Notre conscience-moi initie l’acte de méditer, puis, lorsque la liaison avec notre point focal est réalisée, la conscience spatio-temporelle entre en contact avec la sphère de la Rose, c’est à dire avec le champ de conscience de l’Âme éternelle. Dès cet instant, nous ne sommes plus Madame ou Monsieur Untel, mais nous percevons le monde avec la conscience de l’Âme. Cette conscience possède des qualités, comme l’absence de violence, de critique, l’amour universel ; et des facultés dont l’intuition spirituelle ou la capacité à relier les choses et les événements entre autre. L’Âme éternelle comme médiatrice entre le principe spirituel et son moyen de manifestation reçoit les impulsions de l’Esprit et les traduit en images et en impressions pour la conscience-moi qui se relie à elle. L’état de méditation est donc une exploration entre la conscience du moi et celle du « non moi », de l’Autre en nous. A ce moment là, nous sommes le méditant, puis nous devenons le médité, l’objet de méditation de l’être céleste, du jumeau/compagnon divin qui nous regarde les yeux dans les yeux.

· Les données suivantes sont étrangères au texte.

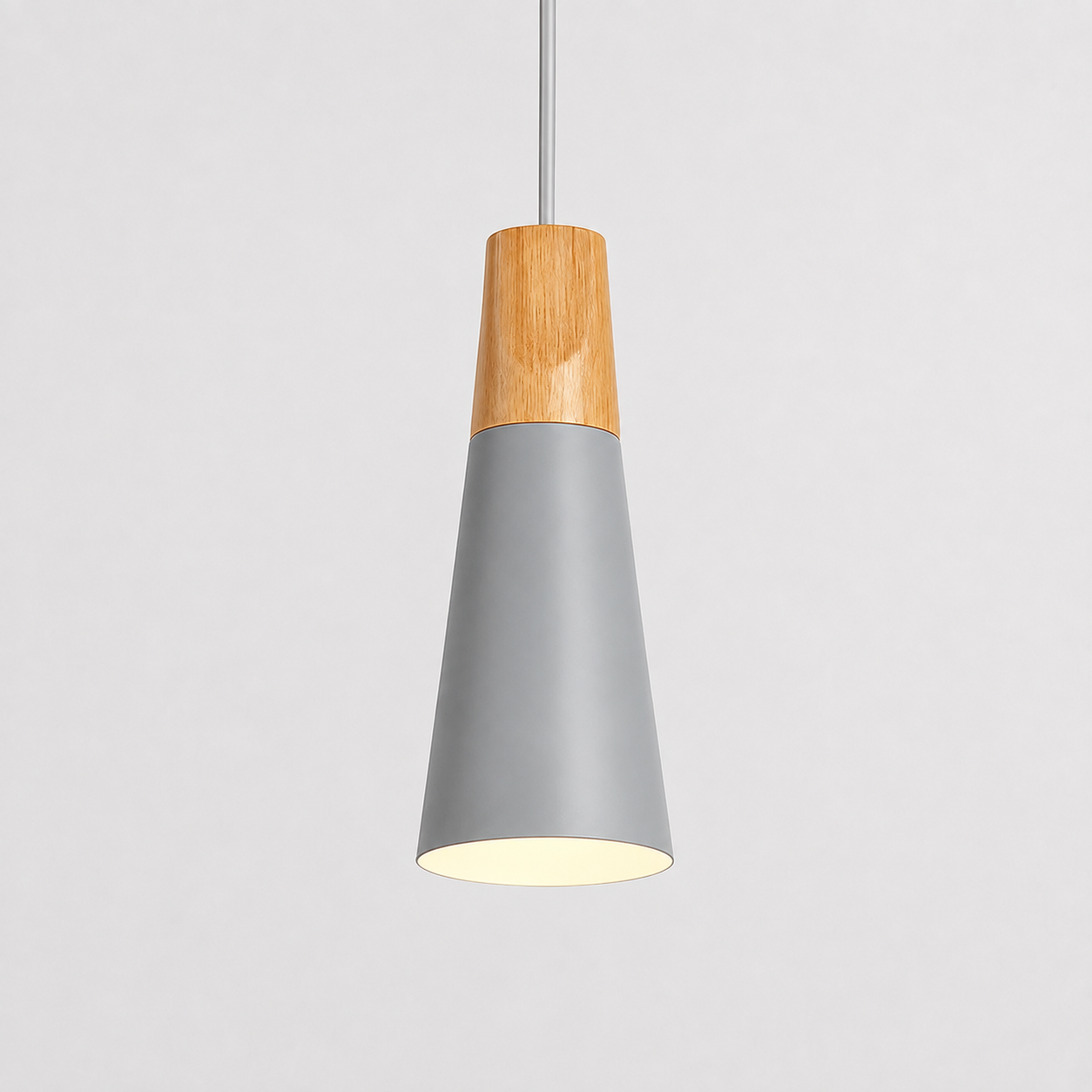 Gray cone pendant light with a natural wood accent, illuminated against a light gray background.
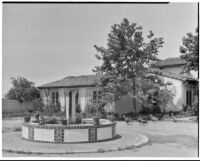 Leo V. Youngworth residence, view across entrance court with tiled fountain and flock of turkeys towards house , Baldwin Hills, 1932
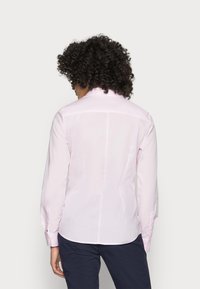 Camicia a maniche lunghe rosa chiaro con vestibilità adattata, chiusura con bottoni davanti, orlo curvo e colletto. Tessuto liscio con leggera lucentezza e bottoni ai polsini.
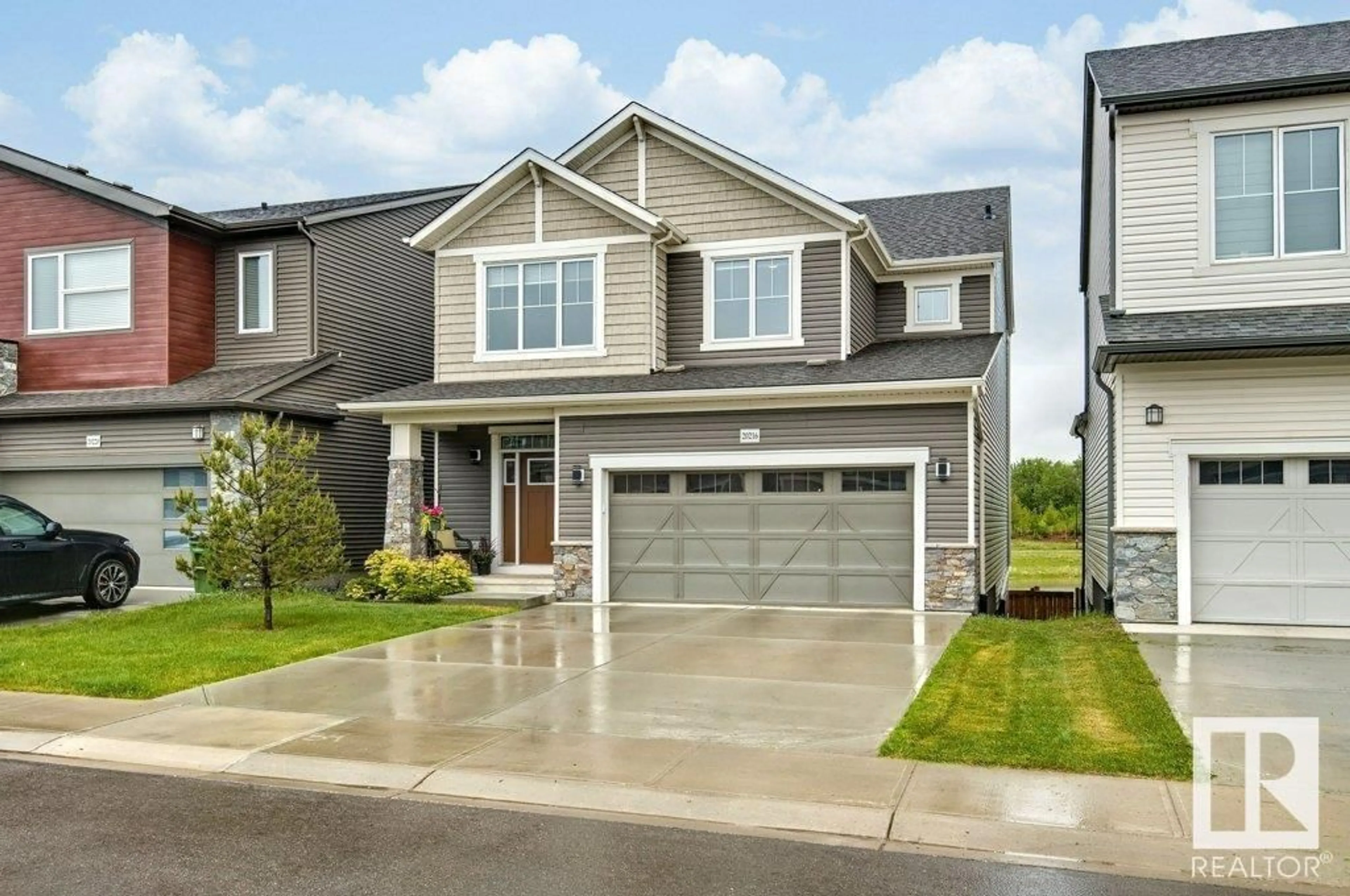 Home with vinyl exterior material, street for NW - 20217 17 AV, Edmonton Alberta T6M1K6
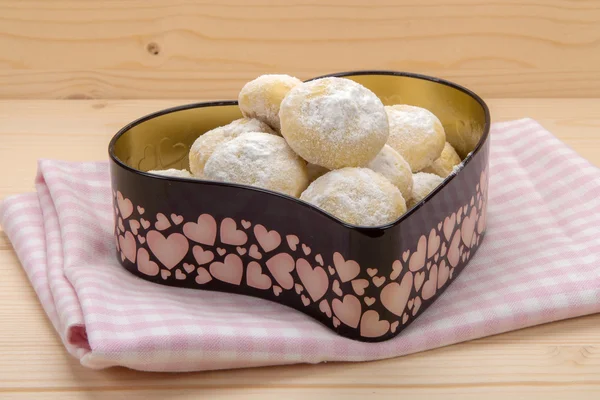Cookies in a tin box in heart shape on cotton checkered napkin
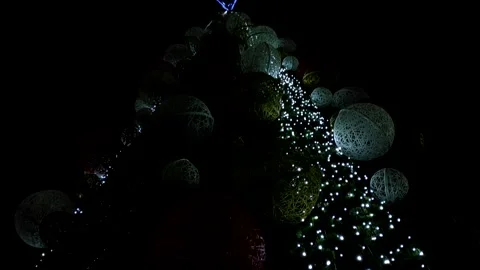 Bottom up view of a large Christmas tree in the night city. Stock Footage 144956557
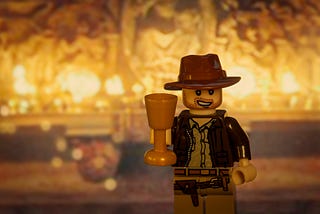 A Lego version of Indiana Jones is posed holding a cup representing the Holy Grail.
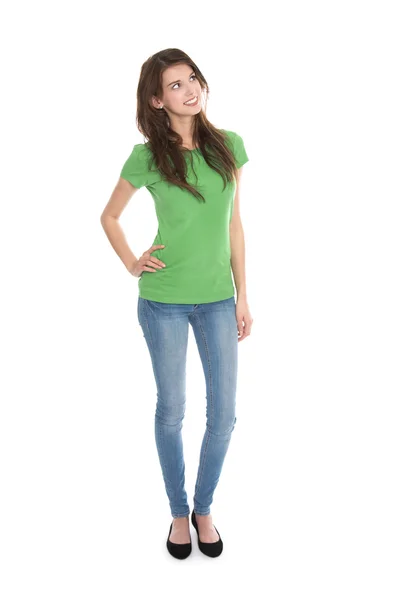 Slim young woman wearing green shirt and blue jeans in full body — Stock Photo, Image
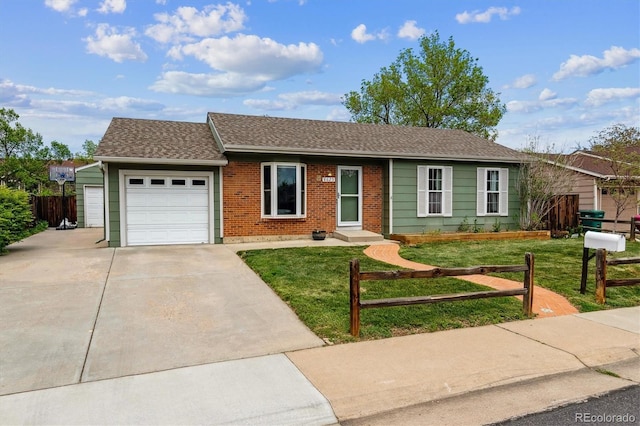 8625 W Dartmouth Pl, Lakewood, CO 80227 - single story home with concrete driveway, an attached garage, brick siding, and a shingled roof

Notre méditation est un travail alchimique profond opérant dans l’être entier. C’est un puissant processus de connaissance de soi qui provoque des élévations sublimes mais peut aussi nous plonger dans des abîmes car la Lumière de l’Âme-Esprit démasque nos zones d’ombre. Les fruits de notre méditation sont multiples : à l’illumination intérieure s’ajoutent de véritables transformations physiologiques générées par cette interaction entre les trois états de conscience. Au fil du temps, il s’opère une liaison toujours plus grande entre les trois dimensions de l’être. Lorsqu’un homme, une femme entreprend ce travail de rétablissement de l’entité céleste « Esprit, Âme et Corps », les bienfaits de la méditation spirituelle dépassent largement sa sphère personnelle. Car l’Homme triple de l’Origine, l’Homme-Microcosme est en lien avec le Grand Univers, le Macrocosme. C’est comme récolter la pure neige éternelle des cimes pour l’apporter à l’homme au pied de la montagne. Lorsque l’Être solaire retrouve sa place dans le plan divin, l’ensemble du vivant, les règnes minéral, végétal, animal et humain bénéficient de son offrande d’éthers de Lumière.